If you want develop an intuition about the importance of \(K\), I’ll invite you to dive even deeper into the mathematics with me… 🤓 (Feel free to skip the next section if the thought of calculating partial derivatives of the formulae so far sounds like horror to you.)

Elo as logistic regression: a machine learning perspective

The most basic, but perhaps still most powerful tool at a machine learning practitioner’s disposal is linear regression. We’ve encountered it already numerous times on this blog, e.g., in the context of understanding the BoardGameGeek ranking, explaining collaborative filtering and debiasing the BGG ranking. In its basic form, it just describes a way of finding the “line of best fit” given some data points (e.g., observations). This works great if you want to predict a continuous variable, i.e., values which can take a wide (potentially infinite) range. If you want to predict a binary outcome (e.g., win or loss) or a probability (e.g., the probability of one player winning), you usually use the logistic function (hence the name logistic regression) to squeeze the values of your predictions between 0 and 1:

\[ \sigma_\lambda(x) = \frac{1}{1 + e^{-\lambda x}}, \]

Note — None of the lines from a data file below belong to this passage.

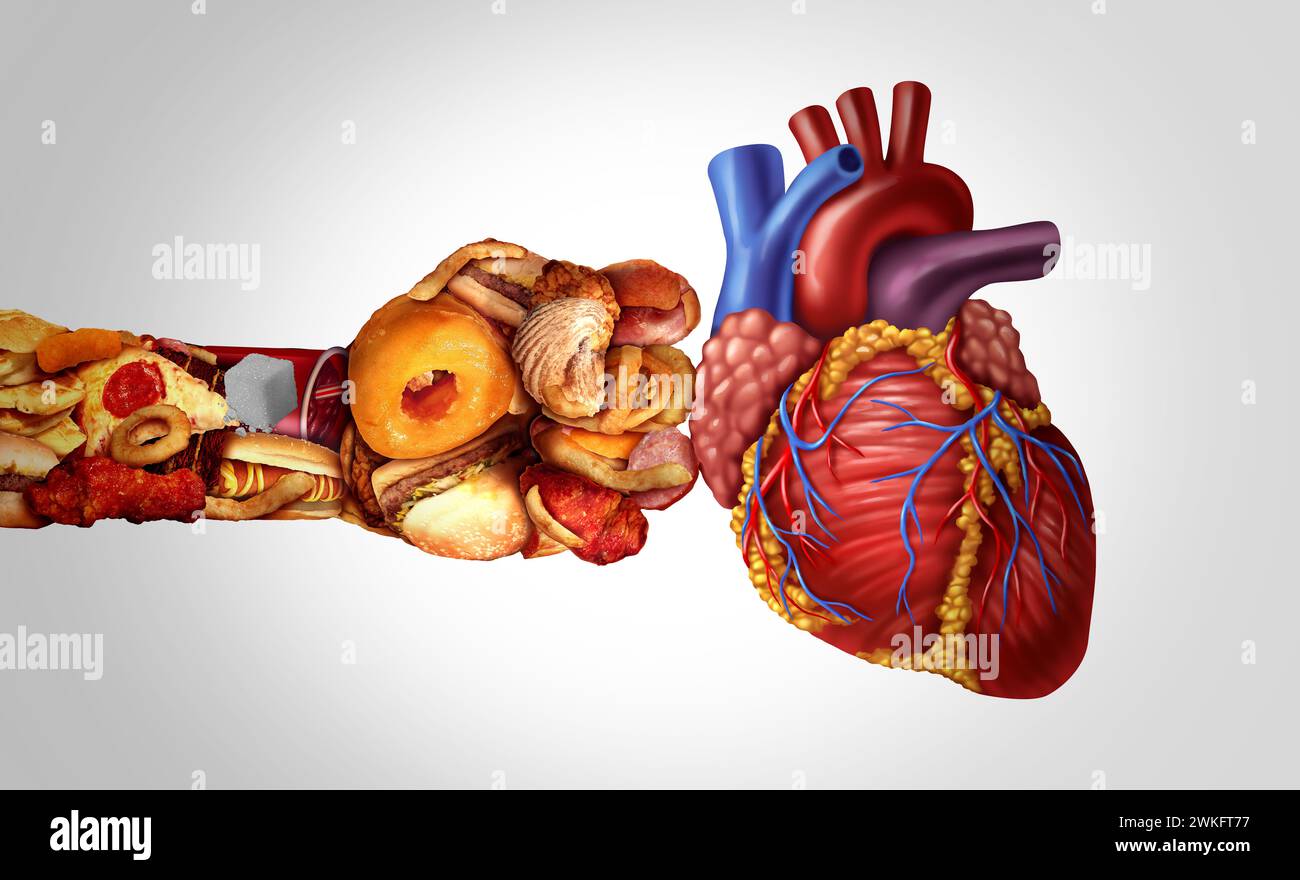Ungesunde Ernährung Herzinfarkt als Junk Food oder und hoher Cholesterin-Fastfood, die hart die menschliche Herz-Kreislauf-Organ-Krankheit wie Atherosklerose treffen Stockfoto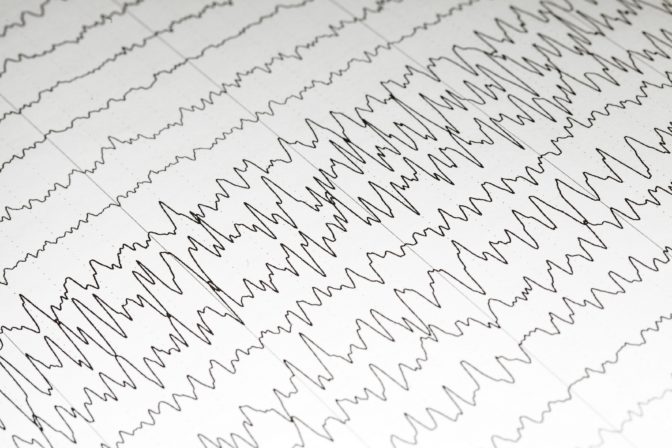 To help people with epilepsy. researchers used patients' EEG readings to train a deep learning model to predict seizures.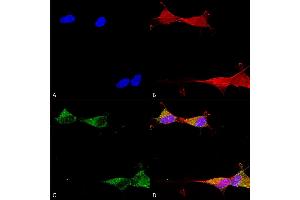 Immunocytochemistry/Immunofluorescence analysis using Mouse Anti-Ataxin 1 Monoclonal Antibody, Clone S65-37 (ABIN1741521). (Ataxin 1 antibody  (AA 746-761))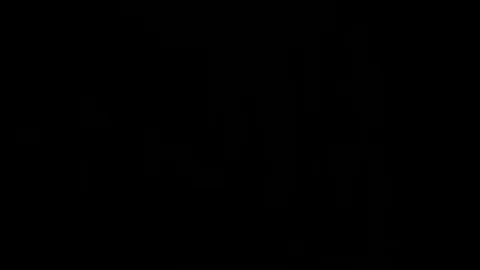 Crutches lad spoiled by CFNM divas Part 30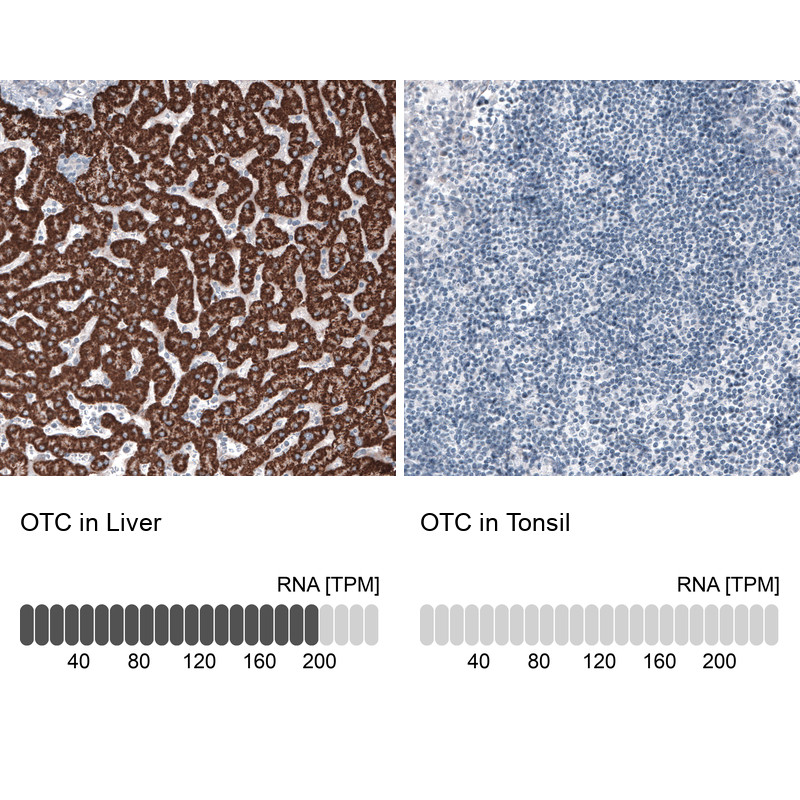 Immunohistochemistry analysis in human liver and tonsil tissues using AMAb91264 antibody. Corresponding OTC RNA-seq data are presented for the same tissues.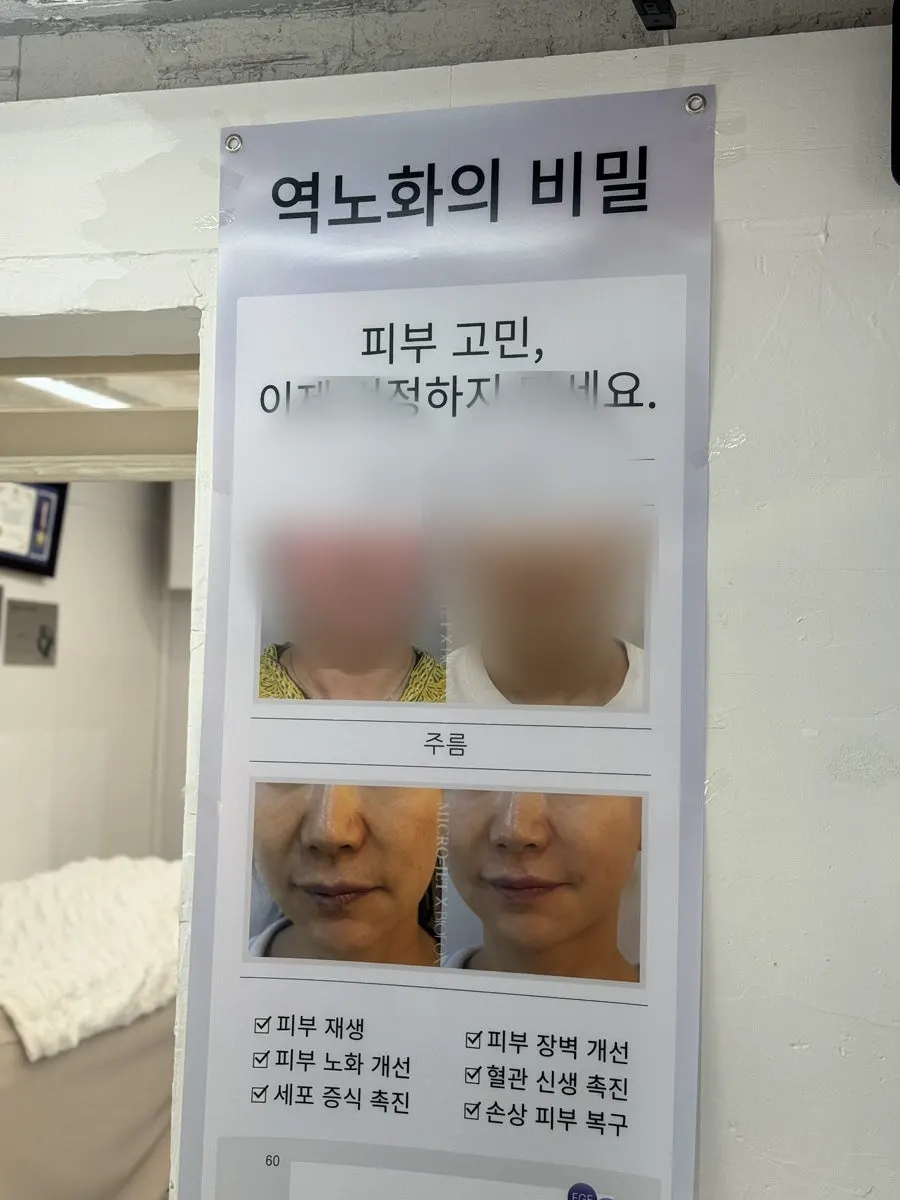 피부 관리 홍보물과 판매 화장품 진열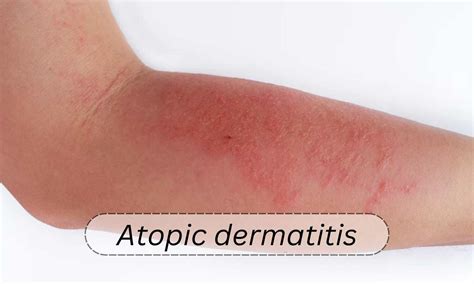 Atopic Dermatitis Bed Sheets at Frank Hansen blog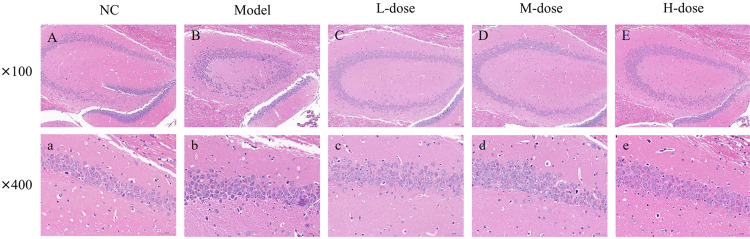 Anti-inflammatory and antioxidant effects of fenugreek in preventing mice model of Alzheimer's disease.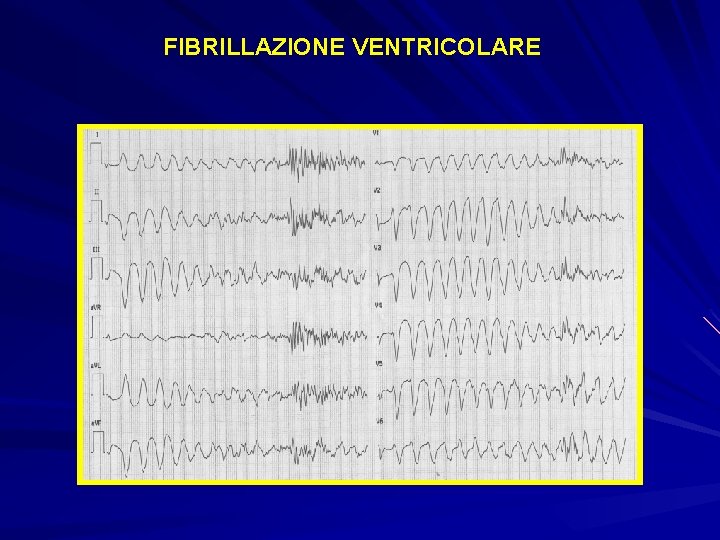 FIBRILLAZIONE VENTRICOLARE 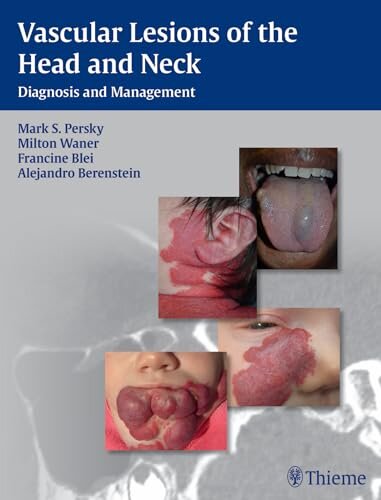 Vascular Lesions Head Neck Diag.Management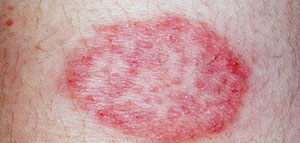 صورة: ظهور الحبوب الحمراء في الجسم و فيديو ظهور حبوب حمراء صغيرة في الجسم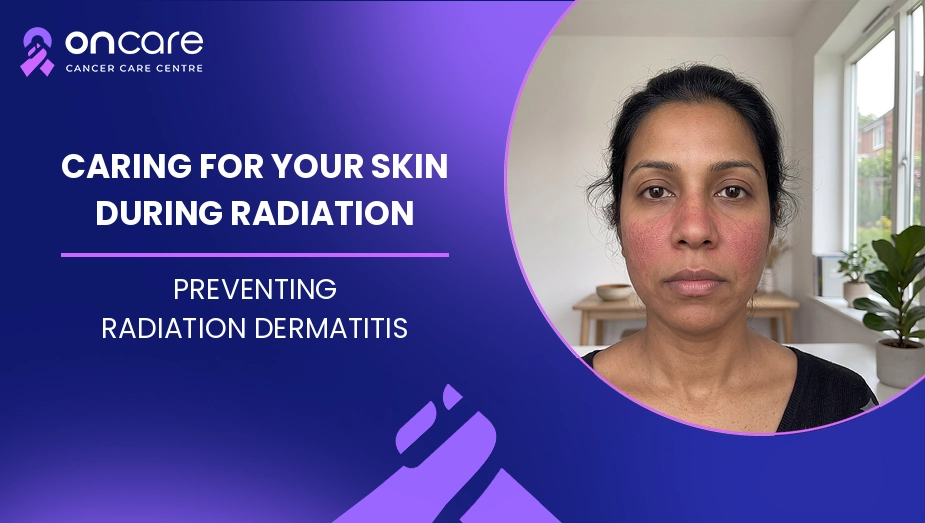 Caring for Your Skin During Radiation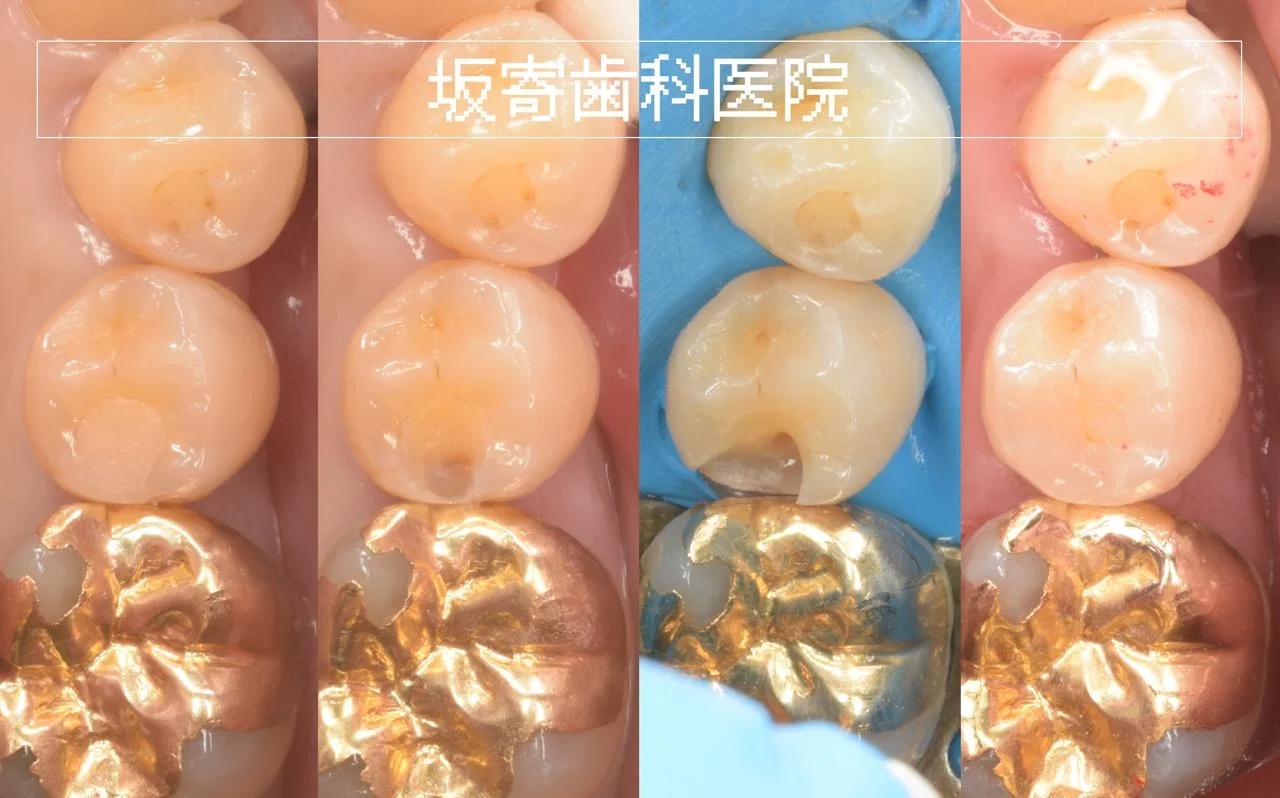 左下5番 遠心2級窩洞 二次う蝕のダイレクトボンディング修復症例（術前・CR除去・う蝕除去・修復後）の写真コラージュ｜坂寄歯科医院
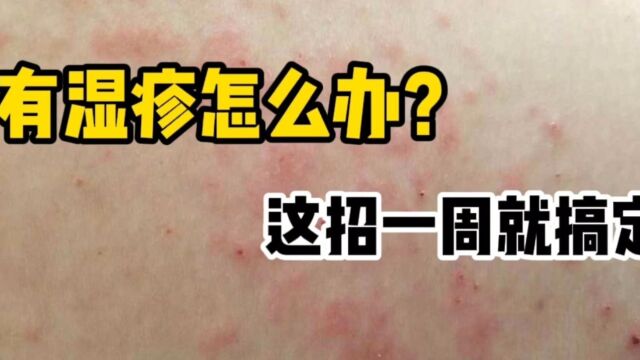 想要湿疹彻底治愈,学会以下这种方法,早点看完,早点摆脱舒服啊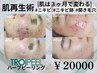  【まるで赤ちゃん肌☆】韓国最先端ハーブピーリング120分￥20000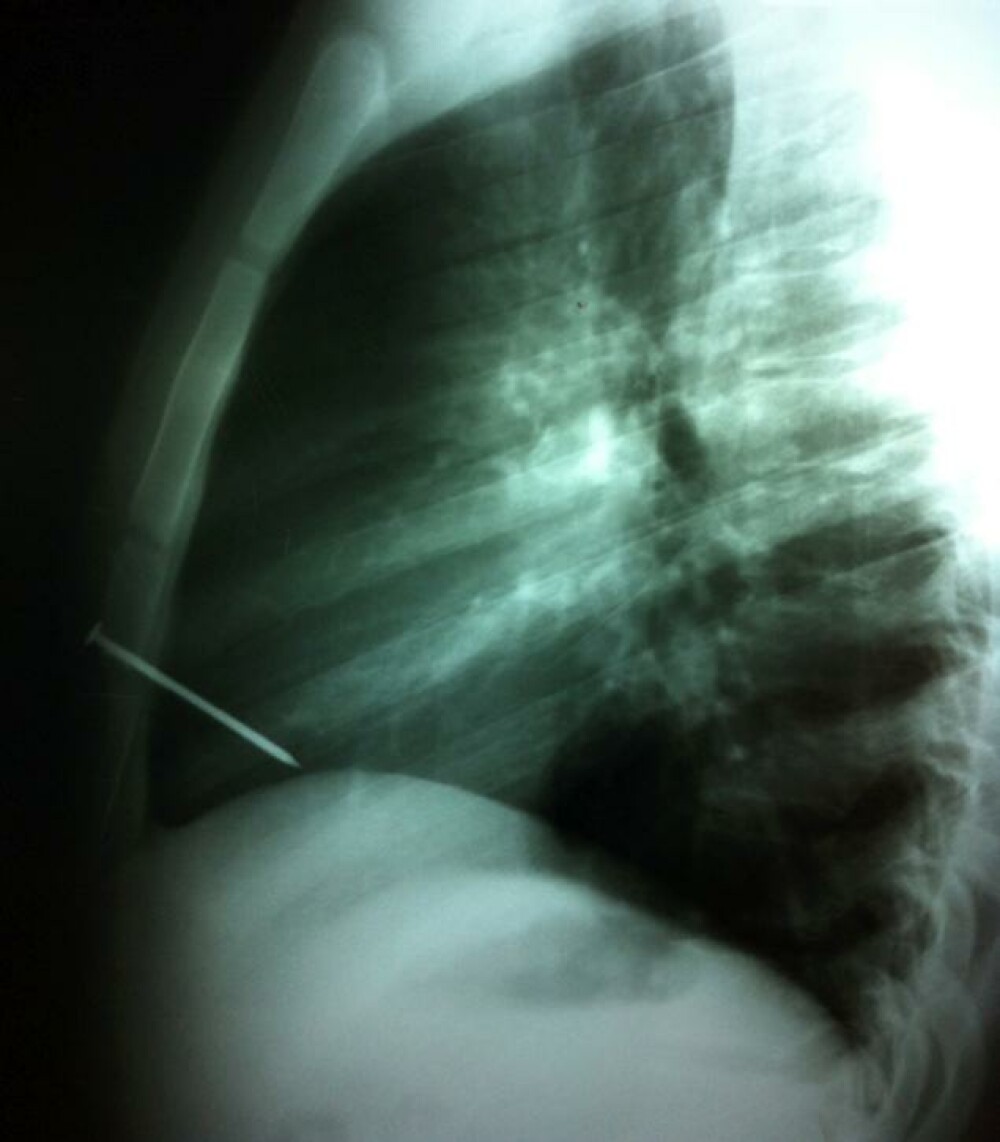 Medicii au inmarmurit cand au vazut radiografia. “Doar 3 oameni au supravietuit unei astfel de rani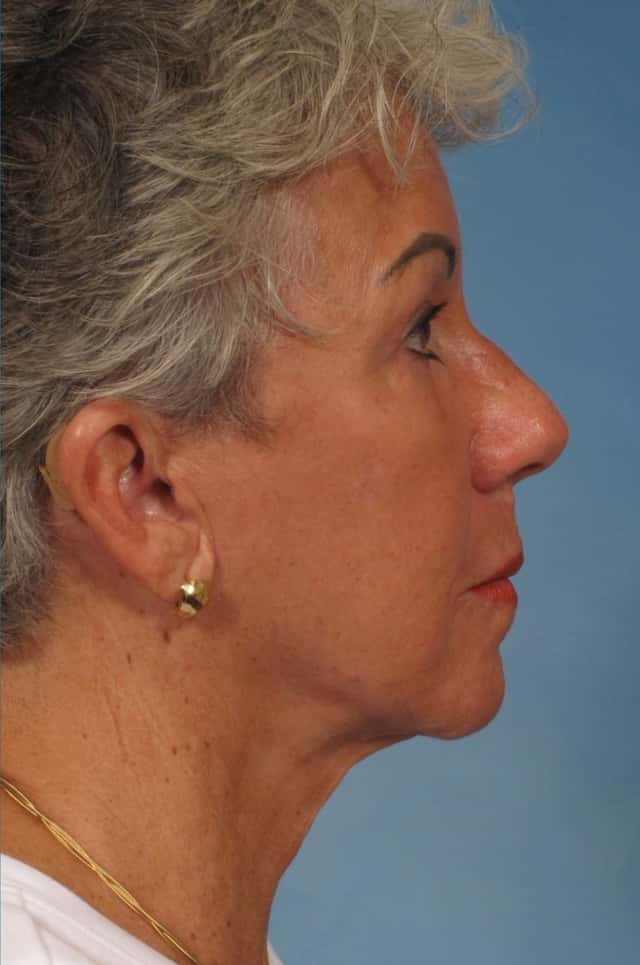 Facelift Before & After Case 185 after
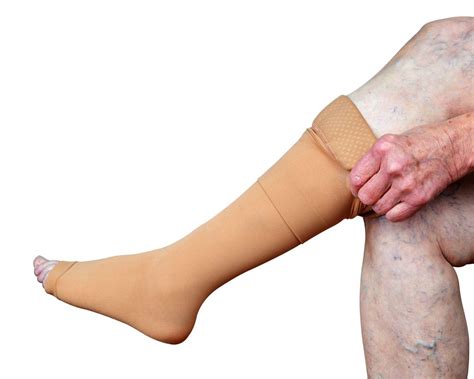 A Woman Puts A Compression Stocking On Her Leg With Varicose Veins Varicose Veins Prevention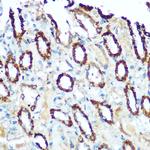 NDUFS4 Antibody in Immunohistochemistry (Paraffin) (IHC (P))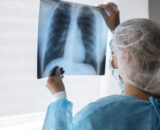 cancer-de-pulmao-diagnostico-t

where \(\lambda>0\). For \(\lambda=1\), this function is better known as a sigmoid and looks like this:

That plot should look familiar to you from the Elo probabilities. That’s because you’ll recover our formula for \(p_A\) from above if you plug in \(x=r_A-r_B\) and \(\lambda=\ln 10 / 400\), so in a way, we’re using logistic regression to predict player A’s win probability from the rating difference.

The sigmoid has a particularly nice derivative:

\[ \sigma’_1(x) = \sigma_1(x) (1 - \sigma_1(x)). \]

Using standard calculus, you can easily find the derivative for the general logistic function from this:

\[ \sigma’_ \lambda(x) = \lambda \sigma_\lambda(x) (1 - \sigma_\lambda(x)). \]

Remember: what we’re really trying to achieve is calculate the win probability \(p_A\) from the rating difference such that it predicts the actual outcome \(s_A\) (which will be 1 if A wins and 0 if they lose) as closely as possible. This is a classic case for a maximum likelihood estimation: we want to select a parameter (in this case the rating \(r_A\)) such that the observed data (the actual outcome \(s_A\) of the game) is most probable. If you want to prove just how fancy you are, you say a random variable \(X\) with a binary outcome follows a Bernoulli distribution with parameter \(p\in[0,1]\) (the probability of a success). Its probability mass function is then given by

\[ P(X = s) = p^s (1 - p)^{1-s}, \]

where \(s\in\{0,1\}\) is the outcome. As usual, let’s check what’s going on here: for \(s=1\), the second factor will be \((1 - p)^0=1\) and hence the whole expression will be \(p\). Conversely, for \(s=0\), the first factor will be \(p^0=1\), so we have \(1-p\) overall, as desired. We can use this formula to write down the likelihood function

\[ L(r_A) = p_A^{s_A} (1 - p_A)^{1-s_A}, \]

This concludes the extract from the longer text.